- Work to complete -
Go to the line holding "A taxi passes" in the entries below and write out exactly every line down to and including the line holding "A banner that".

- Available data -

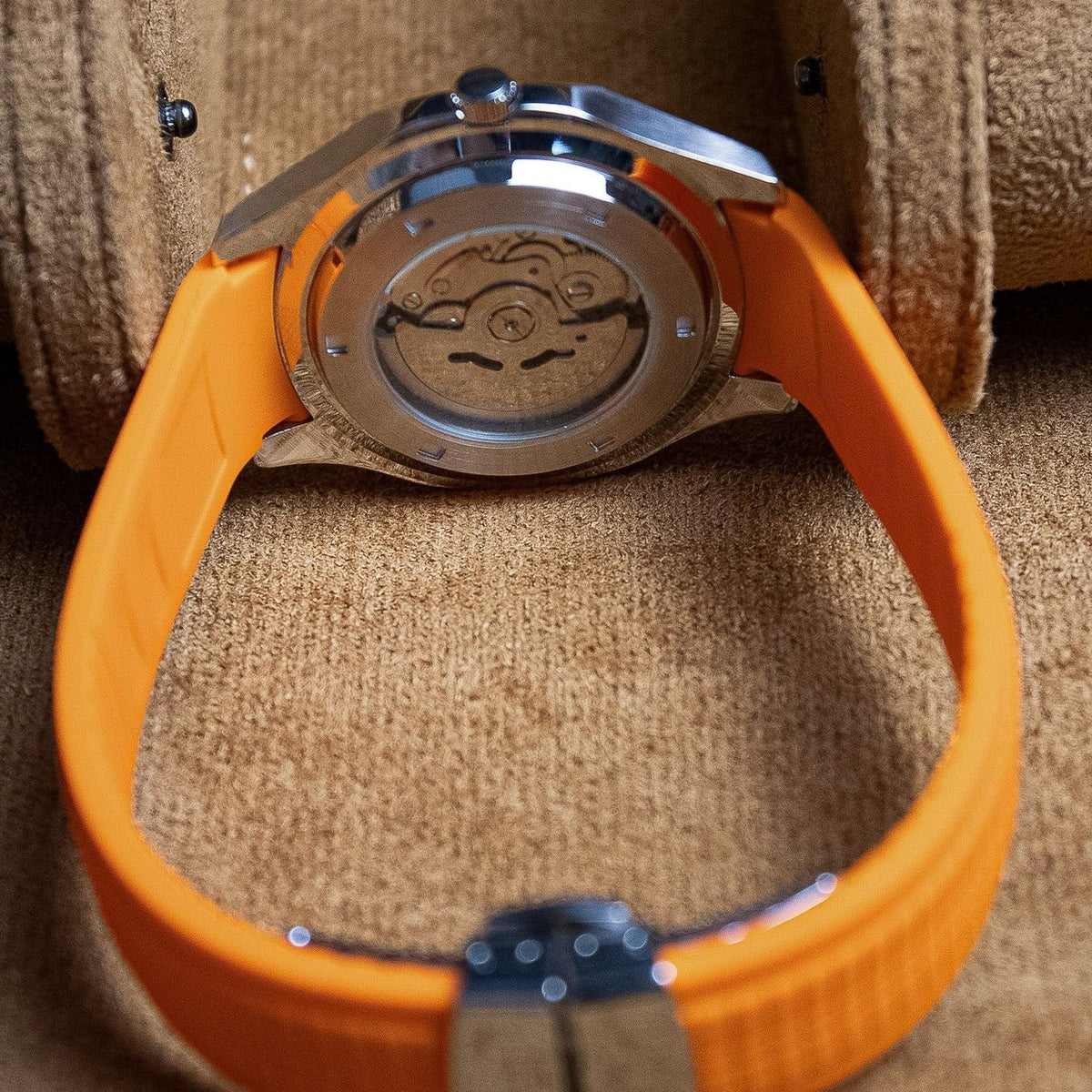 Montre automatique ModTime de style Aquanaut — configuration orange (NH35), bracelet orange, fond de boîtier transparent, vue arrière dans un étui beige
* * *
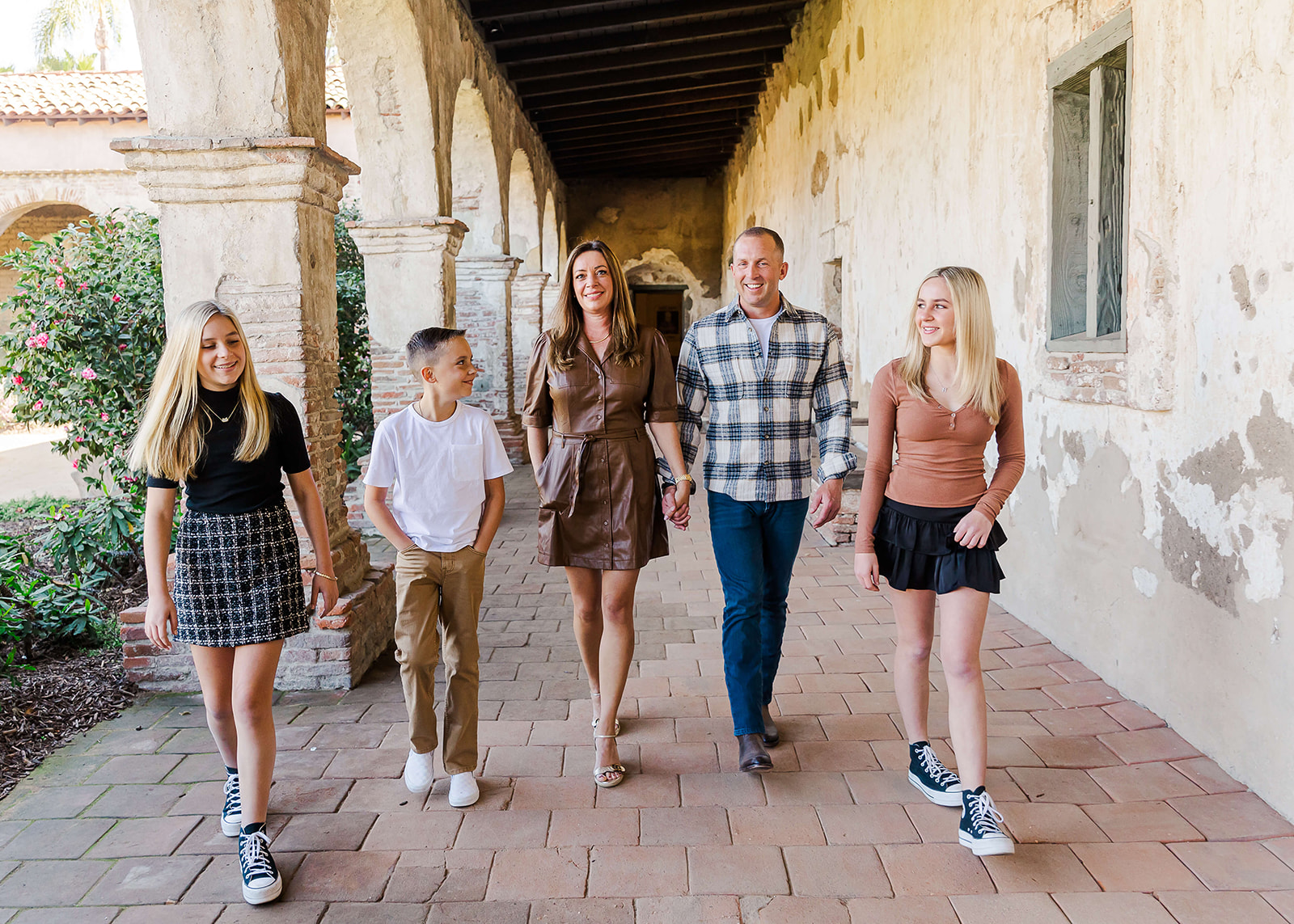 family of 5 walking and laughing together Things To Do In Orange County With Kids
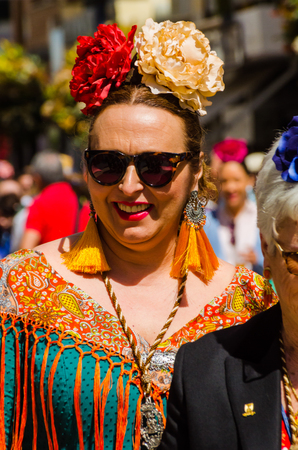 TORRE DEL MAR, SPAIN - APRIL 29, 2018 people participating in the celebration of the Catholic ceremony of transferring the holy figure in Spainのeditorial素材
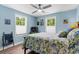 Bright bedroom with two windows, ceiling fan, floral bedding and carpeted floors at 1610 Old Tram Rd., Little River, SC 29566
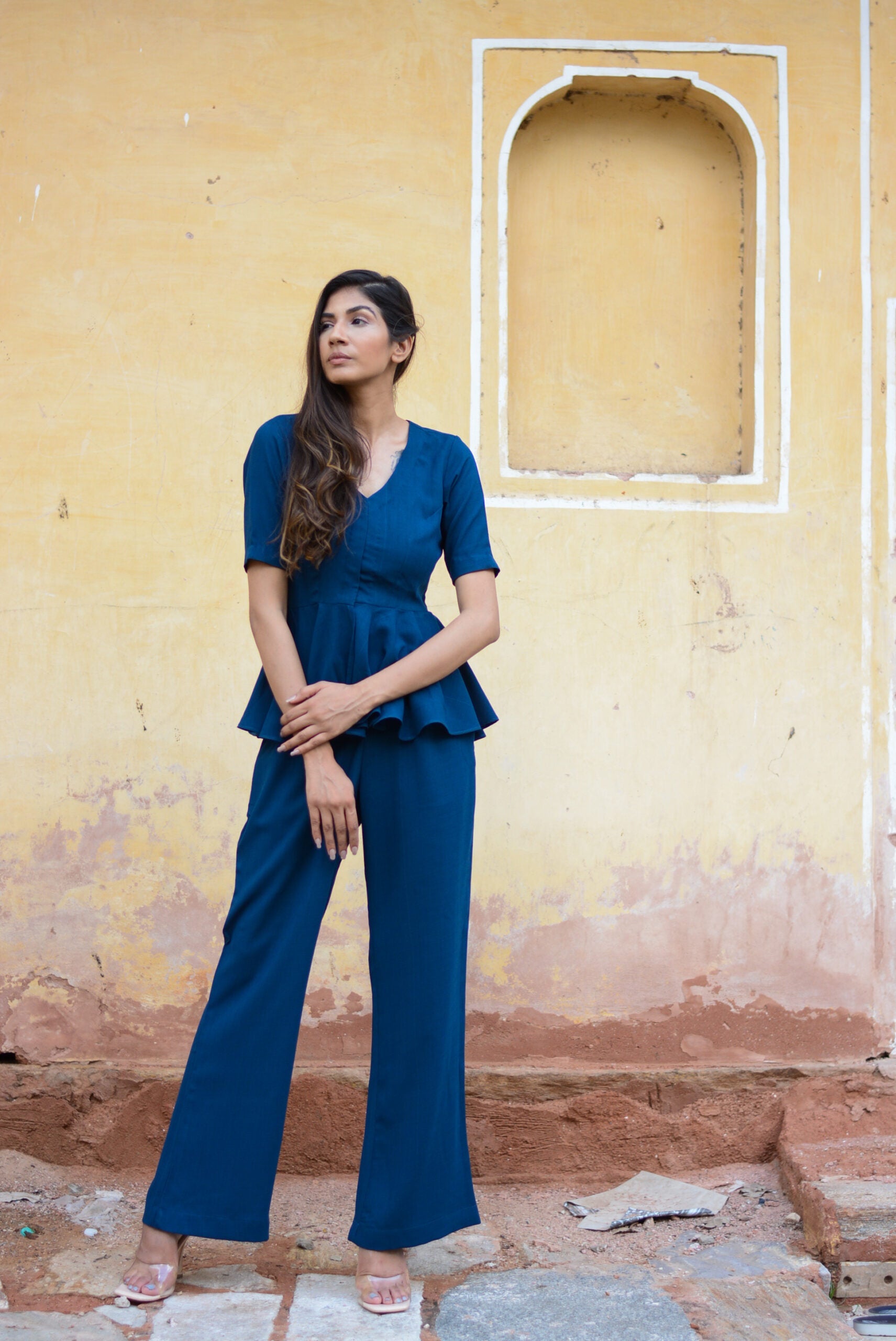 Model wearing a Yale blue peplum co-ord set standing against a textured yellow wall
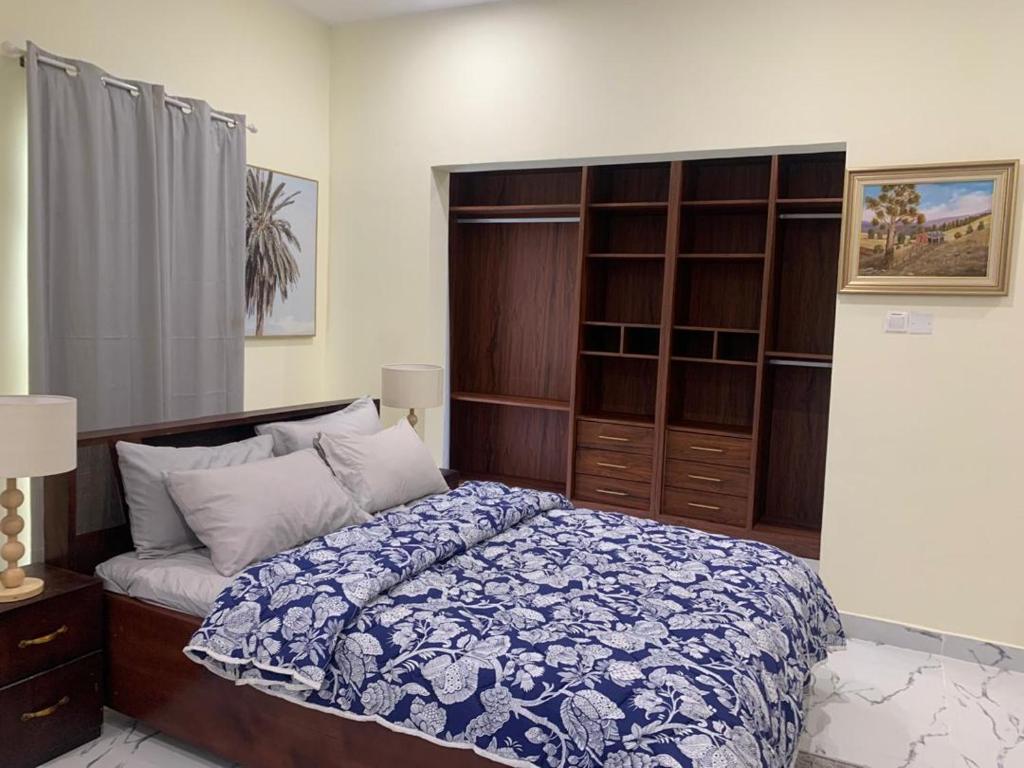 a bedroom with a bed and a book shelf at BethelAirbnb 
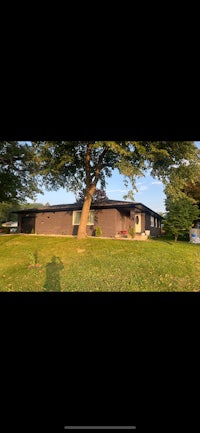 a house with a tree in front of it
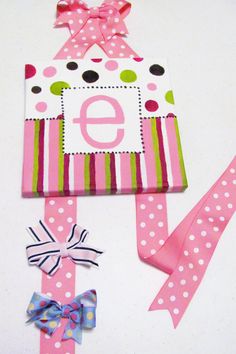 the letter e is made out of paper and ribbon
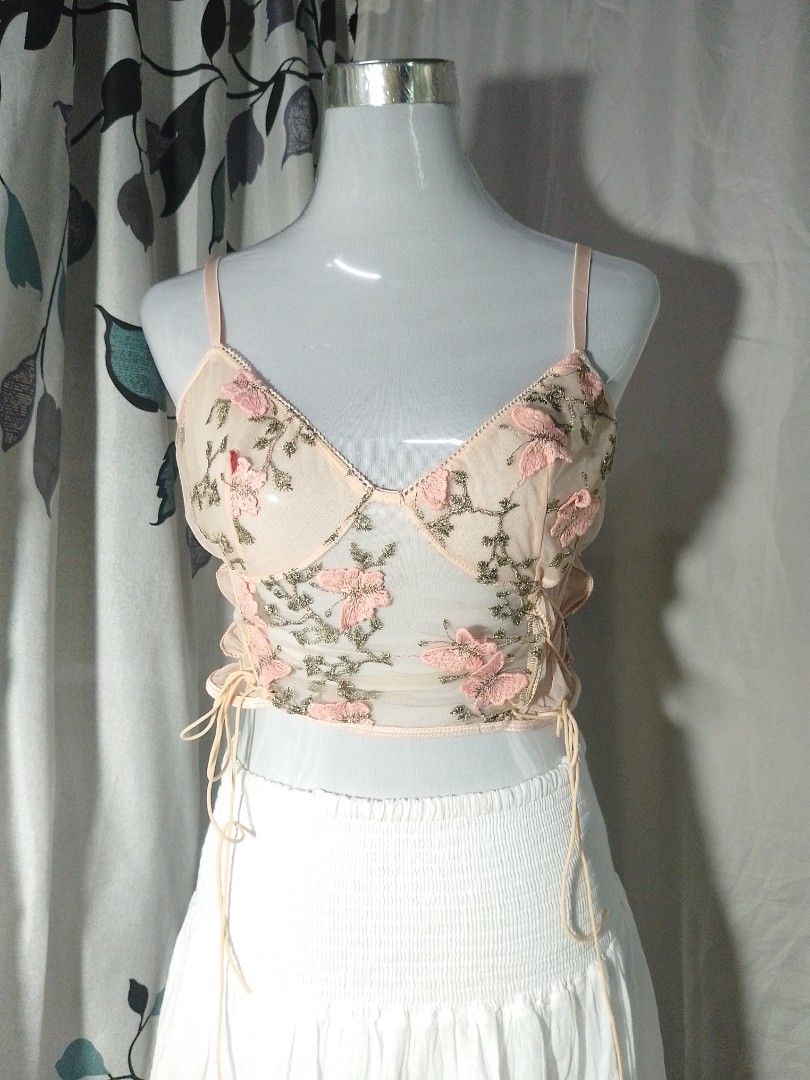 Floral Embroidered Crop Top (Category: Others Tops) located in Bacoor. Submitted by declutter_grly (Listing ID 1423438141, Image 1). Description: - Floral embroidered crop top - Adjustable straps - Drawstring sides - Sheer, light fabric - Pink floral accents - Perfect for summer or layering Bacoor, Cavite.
==
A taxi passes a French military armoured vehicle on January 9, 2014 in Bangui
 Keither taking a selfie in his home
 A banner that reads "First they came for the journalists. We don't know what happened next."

- Answer to this task -
A taxi passes a French military armoured vehicle on January 9, 2014 in Bangui
 Keither taking a selfie in his home
 A banner that reads "First they came for the journalists. We don't know what happened next."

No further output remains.